WHAT THE EXERCISE ASKS
Extract precisely the lines of the entries below, from the first line through the line containing "SB SB Gym Gym".

+ + +

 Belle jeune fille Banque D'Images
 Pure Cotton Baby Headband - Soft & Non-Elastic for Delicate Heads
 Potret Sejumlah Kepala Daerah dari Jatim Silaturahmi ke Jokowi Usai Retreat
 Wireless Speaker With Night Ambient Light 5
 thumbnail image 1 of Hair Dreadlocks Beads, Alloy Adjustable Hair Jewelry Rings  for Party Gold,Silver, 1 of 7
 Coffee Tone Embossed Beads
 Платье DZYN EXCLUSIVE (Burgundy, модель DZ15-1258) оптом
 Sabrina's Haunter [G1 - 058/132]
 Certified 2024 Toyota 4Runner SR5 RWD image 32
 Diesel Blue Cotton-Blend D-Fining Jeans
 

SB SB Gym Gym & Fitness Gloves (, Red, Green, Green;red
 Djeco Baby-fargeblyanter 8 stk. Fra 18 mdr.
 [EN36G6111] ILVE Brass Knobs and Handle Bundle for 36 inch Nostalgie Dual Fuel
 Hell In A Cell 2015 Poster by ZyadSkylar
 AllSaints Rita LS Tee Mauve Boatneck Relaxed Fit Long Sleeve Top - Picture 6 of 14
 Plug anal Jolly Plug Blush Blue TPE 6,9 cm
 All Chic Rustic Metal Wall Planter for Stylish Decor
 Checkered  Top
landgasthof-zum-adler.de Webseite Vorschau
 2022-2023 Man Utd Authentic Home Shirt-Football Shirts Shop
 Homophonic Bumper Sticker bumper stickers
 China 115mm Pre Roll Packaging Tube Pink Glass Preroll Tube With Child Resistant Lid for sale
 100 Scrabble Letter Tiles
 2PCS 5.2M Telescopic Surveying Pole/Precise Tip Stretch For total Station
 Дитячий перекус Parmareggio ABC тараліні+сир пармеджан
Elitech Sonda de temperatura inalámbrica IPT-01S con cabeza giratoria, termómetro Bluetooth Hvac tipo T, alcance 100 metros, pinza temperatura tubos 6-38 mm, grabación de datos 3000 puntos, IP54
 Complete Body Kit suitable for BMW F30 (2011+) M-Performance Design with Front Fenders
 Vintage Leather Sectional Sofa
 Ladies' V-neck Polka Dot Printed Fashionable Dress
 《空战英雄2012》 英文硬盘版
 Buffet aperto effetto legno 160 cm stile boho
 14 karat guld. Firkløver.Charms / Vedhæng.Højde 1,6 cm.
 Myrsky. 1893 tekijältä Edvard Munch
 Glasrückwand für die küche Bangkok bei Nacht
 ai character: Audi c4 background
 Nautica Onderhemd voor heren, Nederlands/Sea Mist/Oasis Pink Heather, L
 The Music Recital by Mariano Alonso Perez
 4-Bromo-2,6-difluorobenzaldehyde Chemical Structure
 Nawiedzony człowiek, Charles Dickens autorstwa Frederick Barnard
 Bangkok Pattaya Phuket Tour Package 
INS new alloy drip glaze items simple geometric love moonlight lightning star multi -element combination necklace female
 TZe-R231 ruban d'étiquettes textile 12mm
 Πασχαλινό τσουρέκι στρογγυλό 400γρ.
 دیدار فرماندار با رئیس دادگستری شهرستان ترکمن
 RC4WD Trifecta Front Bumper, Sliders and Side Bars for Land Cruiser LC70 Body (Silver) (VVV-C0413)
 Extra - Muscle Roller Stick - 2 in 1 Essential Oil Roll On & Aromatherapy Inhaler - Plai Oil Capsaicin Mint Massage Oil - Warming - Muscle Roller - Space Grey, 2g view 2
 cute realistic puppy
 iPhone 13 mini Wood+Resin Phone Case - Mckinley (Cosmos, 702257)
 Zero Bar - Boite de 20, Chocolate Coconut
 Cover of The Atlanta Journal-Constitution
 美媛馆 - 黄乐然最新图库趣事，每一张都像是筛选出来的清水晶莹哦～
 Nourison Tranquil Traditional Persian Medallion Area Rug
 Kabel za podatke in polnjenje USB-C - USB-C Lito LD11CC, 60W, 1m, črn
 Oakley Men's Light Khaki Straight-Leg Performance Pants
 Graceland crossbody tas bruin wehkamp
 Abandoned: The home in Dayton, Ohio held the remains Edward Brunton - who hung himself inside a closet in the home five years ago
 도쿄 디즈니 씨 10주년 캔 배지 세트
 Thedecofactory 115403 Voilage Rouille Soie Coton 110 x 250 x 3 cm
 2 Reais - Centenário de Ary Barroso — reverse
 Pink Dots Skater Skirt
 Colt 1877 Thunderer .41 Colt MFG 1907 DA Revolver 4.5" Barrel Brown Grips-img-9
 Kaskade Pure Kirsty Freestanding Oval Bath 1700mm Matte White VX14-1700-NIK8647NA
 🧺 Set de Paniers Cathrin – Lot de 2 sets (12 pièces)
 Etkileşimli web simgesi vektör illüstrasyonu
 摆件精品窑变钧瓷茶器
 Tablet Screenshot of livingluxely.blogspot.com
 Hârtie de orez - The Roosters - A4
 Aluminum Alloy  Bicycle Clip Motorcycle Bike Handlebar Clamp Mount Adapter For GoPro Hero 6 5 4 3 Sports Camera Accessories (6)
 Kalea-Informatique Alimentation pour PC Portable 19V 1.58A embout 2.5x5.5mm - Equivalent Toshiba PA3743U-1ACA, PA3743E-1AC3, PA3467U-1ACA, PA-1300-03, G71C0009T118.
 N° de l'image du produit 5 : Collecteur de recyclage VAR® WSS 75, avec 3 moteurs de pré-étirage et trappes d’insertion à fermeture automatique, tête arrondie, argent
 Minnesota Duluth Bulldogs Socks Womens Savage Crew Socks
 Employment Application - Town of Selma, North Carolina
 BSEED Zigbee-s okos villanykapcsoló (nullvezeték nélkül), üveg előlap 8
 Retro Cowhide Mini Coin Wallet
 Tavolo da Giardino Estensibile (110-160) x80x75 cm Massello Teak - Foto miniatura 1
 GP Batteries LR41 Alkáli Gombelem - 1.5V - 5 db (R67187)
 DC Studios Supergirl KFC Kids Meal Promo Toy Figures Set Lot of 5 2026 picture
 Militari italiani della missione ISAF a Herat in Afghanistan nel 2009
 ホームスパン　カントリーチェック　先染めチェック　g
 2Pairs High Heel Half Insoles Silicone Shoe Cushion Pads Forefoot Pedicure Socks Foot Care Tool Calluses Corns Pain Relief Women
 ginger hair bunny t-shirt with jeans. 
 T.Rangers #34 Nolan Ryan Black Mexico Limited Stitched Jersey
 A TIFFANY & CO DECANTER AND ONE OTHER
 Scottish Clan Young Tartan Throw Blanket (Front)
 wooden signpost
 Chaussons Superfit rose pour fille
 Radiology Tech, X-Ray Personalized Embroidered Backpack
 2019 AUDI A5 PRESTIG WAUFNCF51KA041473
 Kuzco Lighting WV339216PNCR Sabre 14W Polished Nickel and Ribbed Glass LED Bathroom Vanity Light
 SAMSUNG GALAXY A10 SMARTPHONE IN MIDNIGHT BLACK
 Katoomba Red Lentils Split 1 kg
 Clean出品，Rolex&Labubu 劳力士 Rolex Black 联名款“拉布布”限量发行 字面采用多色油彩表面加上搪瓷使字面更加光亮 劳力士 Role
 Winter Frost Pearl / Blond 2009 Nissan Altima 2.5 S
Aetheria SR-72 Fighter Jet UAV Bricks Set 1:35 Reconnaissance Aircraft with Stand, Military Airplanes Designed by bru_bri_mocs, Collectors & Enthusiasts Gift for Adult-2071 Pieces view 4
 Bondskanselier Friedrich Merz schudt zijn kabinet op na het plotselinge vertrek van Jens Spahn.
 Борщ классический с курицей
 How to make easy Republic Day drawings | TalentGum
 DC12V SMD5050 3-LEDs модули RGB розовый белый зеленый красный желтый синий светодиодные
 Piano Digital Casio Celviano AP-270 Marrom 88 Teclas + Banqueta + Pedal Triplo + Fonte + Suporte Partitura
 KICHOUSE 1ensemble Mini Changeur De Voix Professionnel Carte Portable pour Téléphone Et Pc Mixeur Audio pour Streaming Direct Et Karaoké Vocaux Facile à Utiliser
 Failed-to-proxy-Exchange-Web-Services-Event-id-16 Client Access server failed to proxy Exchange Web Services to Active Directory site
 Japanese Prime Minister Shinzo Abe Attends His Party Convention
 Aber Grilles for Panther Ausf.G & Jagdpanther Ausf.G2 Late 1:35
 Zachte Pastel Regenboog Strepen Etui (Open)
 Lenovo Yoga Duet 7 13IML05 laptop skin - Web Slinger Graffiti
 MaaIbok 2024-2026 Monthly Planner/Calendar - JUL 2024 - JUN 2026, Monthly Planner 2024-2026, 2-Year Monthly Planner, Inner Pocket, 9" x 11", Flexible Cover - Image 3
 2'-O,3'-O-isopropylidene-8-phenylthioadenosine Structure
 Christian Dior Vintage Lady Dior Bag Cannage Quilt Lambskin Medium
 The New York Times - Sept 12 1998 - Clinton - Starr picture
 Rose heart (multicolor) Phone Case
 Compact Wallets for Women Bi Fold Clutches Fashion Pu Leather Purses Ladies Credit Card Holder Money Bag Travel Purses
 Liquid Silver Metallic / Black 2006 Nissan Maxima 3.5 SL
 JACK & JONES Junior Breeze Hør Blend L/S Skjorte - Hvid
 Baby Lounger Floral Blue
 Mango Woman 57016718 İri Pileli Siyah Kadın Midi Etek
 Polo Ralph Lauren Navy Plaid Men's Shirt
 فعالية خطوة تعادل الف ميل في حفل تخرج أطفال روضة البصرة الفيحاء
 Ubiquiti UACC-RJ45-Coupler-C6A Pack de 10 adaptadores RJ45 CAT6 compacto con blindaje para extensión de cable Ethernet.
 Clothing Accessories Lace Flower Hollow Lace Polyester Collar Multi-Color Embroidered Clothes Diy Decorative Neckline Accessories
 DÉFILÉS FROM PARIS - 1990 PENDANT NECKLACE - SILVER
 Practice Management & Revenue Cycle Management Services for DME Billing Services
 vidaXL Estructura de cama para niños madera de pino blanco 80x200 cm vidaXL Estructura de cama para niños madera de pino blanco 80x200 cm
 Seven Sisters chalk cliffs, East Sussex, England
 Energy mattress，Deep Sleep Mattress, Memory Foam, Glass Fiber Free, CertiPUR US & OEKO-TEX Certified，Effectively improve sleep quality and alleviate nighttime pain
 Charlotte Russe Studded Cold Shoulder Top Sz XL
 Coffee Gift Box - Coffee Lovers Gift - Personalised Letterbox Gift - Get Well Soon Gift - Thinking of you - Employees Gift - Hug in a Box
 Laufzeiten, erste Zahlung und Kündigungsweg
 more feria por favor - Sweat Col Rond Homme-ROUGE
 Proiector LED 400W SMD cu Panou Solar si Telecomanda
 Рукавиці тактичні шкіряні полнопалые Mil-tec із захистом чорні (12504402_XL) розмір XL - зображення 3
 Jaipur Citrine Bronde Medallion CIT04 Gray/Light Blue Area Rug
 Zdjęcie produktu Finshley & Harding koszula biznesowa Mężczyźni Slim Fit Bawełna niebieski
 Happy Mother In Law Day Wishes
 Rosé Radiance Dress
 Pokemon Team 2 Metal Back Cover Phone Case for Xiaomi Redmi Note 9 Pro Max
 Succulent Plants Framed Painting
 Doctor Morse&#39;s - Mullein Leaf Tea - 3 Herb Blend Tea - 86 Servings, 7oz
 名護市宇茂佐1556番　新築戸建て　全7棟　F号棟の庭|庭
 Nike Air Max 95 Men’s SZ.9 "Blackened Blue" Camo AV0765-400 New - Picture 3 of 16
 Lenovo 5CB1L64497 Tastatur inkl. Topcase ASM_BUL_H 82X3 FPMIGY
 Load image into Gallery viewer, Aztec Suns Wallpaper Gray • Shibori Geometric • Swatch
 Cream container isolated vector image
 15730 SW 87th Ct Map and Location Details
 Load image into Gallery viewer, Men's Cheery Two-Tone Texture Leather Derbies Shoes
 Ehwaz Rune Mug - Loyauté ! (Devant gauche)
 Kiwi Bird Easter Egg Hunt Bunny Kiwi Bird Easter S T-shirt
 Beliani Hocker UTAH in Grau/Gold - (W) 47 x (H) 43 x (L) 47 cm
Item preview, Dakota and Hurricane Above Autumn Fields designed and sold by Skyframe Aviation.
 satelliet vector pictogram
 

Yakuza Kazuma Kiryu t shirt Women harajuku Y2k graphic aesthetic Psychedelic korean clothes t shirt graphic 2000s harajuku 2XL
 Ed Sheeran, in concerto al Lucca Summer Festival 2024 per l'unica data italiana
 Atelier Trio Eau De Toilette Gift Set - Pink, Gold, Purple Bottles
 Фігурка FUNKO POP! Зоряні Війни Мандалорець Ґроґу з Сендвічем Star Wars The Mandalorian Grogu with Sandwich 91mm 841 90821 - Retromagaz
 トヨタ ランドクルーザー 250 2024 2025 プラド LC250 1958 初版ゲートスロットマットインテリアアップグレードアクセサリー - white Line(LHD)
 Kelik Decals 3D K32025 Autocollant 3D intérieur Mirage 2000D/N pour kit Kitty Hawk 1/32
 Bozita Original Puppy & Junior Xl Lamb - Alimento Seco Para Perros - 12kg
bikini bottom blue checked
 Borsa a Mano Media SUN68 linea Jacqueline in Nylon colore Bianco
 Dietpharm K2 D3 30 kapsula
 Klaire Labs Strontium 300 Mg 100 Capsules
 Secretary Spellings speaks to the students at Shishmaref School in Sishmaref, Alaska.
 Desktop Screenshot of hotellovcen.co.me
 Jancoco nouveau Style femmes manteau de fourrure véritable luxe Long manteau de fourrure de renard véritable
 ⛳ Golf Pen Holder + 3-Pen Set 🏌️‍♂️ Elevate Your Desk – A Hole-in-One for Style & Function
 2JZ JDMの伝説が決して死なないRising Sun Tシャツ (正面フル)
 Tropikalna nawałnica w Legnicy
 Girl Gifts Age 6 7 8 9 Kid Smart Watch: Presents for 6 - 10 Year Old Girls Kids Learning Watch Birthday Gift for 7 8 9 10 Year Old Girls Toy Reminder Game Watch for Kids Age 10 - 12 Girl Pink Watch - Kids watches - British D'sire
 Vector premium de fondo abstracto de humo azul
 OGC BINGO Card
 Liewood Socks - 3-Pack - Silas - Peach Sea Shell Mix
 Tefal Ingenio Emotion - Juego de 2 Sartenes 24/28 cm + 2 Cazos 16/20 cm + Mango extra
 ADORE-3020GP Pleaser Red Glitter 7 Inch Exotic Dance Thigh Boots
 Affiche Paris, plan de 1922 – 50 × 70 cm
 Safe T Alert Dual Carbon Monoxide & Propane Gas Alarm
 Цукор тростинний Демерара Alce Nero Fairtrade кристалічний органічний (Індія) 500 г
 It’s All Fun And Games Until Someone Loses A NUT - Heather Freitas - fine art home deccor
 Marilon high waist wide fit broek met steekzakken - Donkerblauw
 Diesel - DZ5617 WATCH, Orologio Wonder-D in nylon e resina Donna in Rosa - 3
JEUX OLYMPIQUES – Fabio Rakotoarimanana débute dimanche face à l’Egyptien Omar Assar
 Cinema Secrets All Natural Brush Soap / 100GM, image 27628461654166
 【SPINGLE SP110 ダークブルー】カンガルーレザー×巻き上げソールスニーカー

+ + +

RESULT OF THIS TASK
 Belle jeune fille Banque D'Images
 Pure Cotton Baby Headband - Soft & Non-Elastic for Delicate Heads
 Potret Sejumlah Kepala Daerah dari Jatim Silaturahmi ke Jokowi Usai Retreat
 Wireless Speaker With Night Ambient Light 5
 thumbnail image 1 of Hair Dreadlocks Beads, Alloy Adjustable Hair Jewelry Rings  for Party Gold,Silver, 1 of 7
 Coffee Tone Embossed Beads
 Платье DZYN EXCLUSIVE (Burgundy, модель DZ15-1258) оптом
 Sabrina's Haunter [G1 - 058/132]
 Certified 2024 Toyota 4Runner SR5 RWD image 32
 Diesel Blue Cotton-Blend D-Fining Jeans
 

SB SB Gym Gym & Fitness Gloves (, Red, Green, Green;red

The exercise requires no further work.